- **WORK ORDER**: Locate, in the data below, the line that contains "Vintage Baseball Pin Stripe Olive B Cap" and the line that contains "Halter Neck Full"; reproduce exactly those two lines and every line between them, nothing more.

- **RECORD EXTRACTS**:
[Start of Attachment]
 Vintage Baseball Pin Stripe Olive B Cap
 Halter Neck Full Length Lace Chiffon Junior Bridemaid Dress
[End of Attachment]
[Start of Attachment]
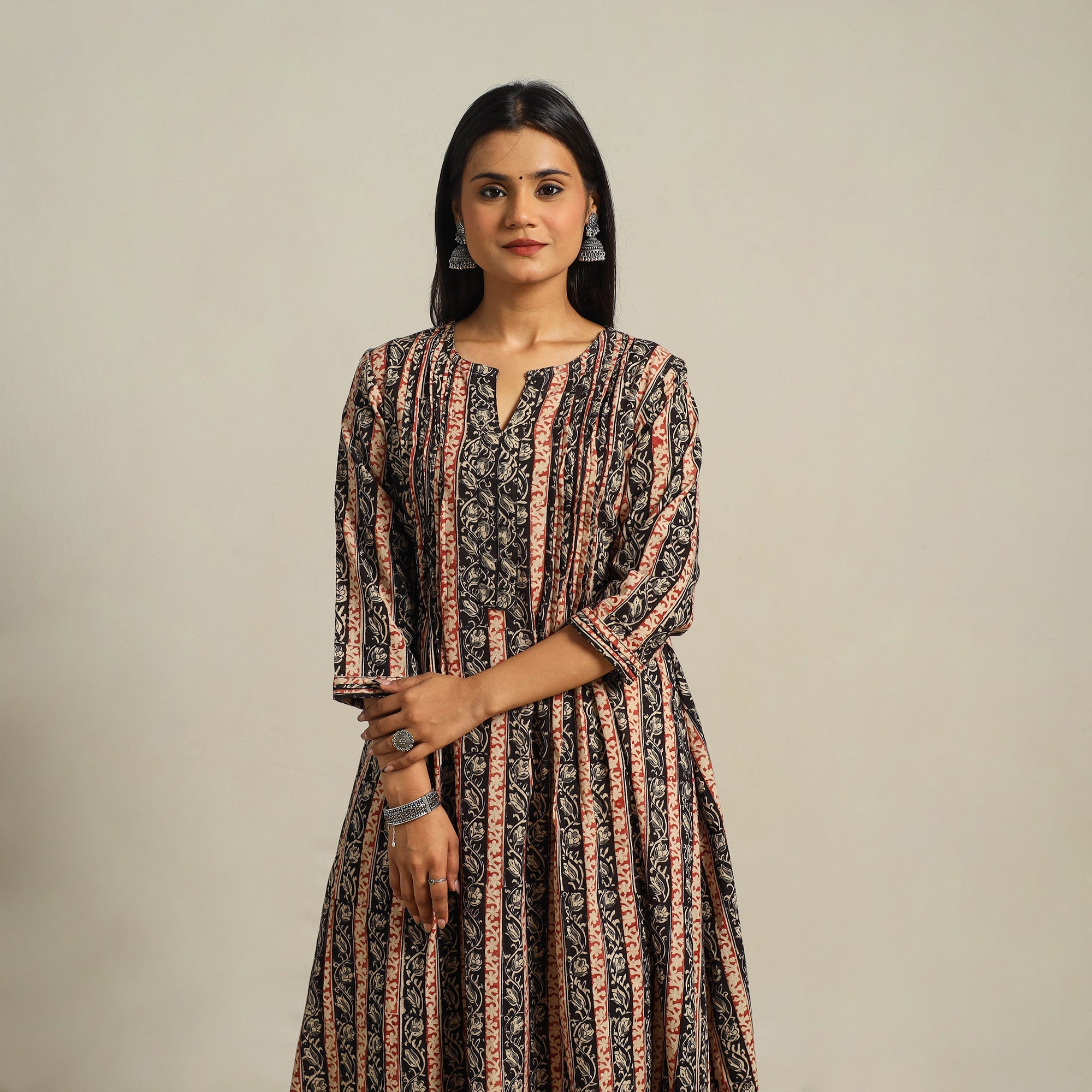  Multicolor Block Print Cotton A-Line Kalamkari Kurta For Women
[End of Attachment]
[Start of Attachment]
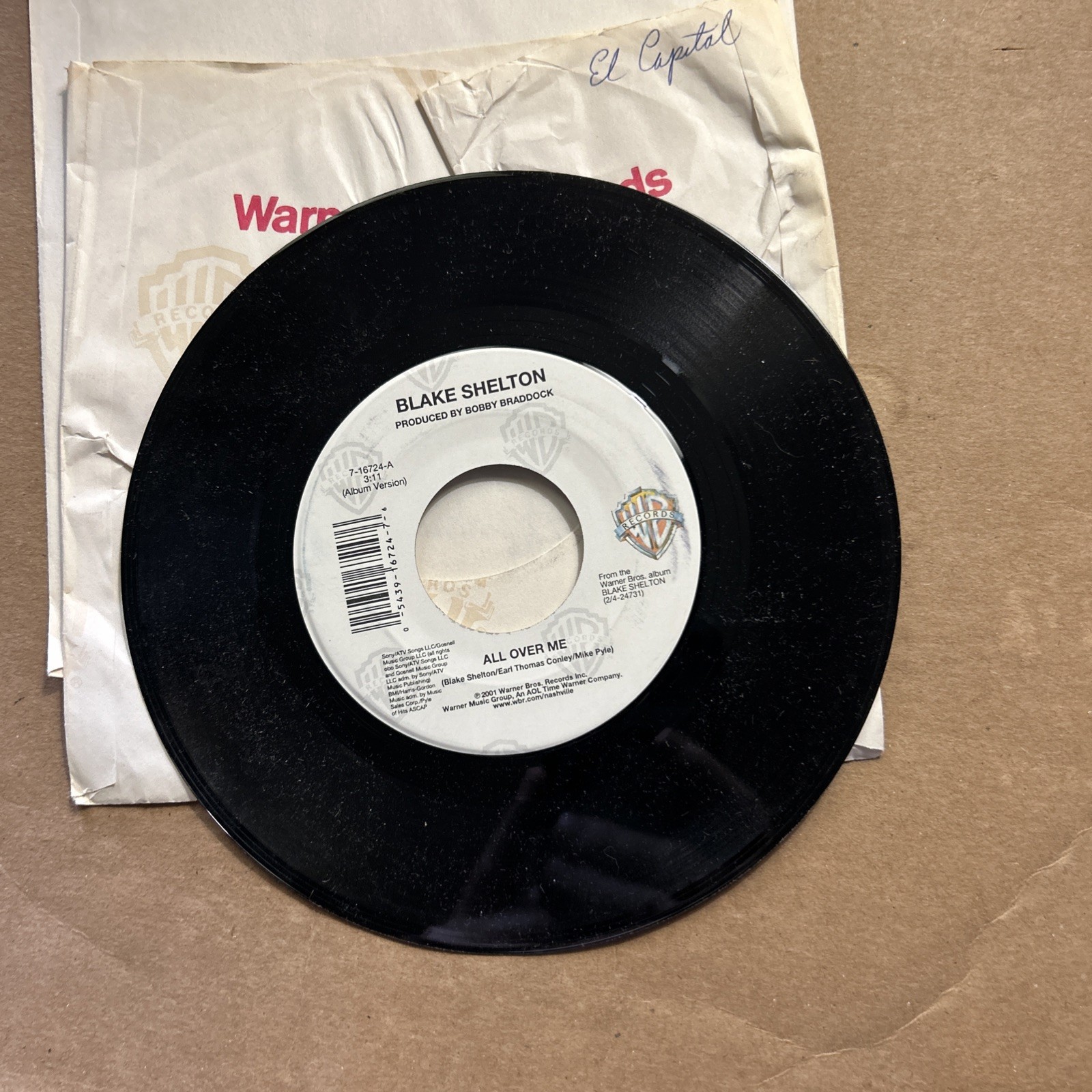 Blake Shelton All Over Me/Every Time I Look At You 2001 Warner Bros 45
[End of Attachment]
- **EXERCISE RESPONSE**:
 Vintage Baseball Pin Stripe Olive B Cap
 Halter Neck Full Length Lace Chiffon Junior Bridemaid Dress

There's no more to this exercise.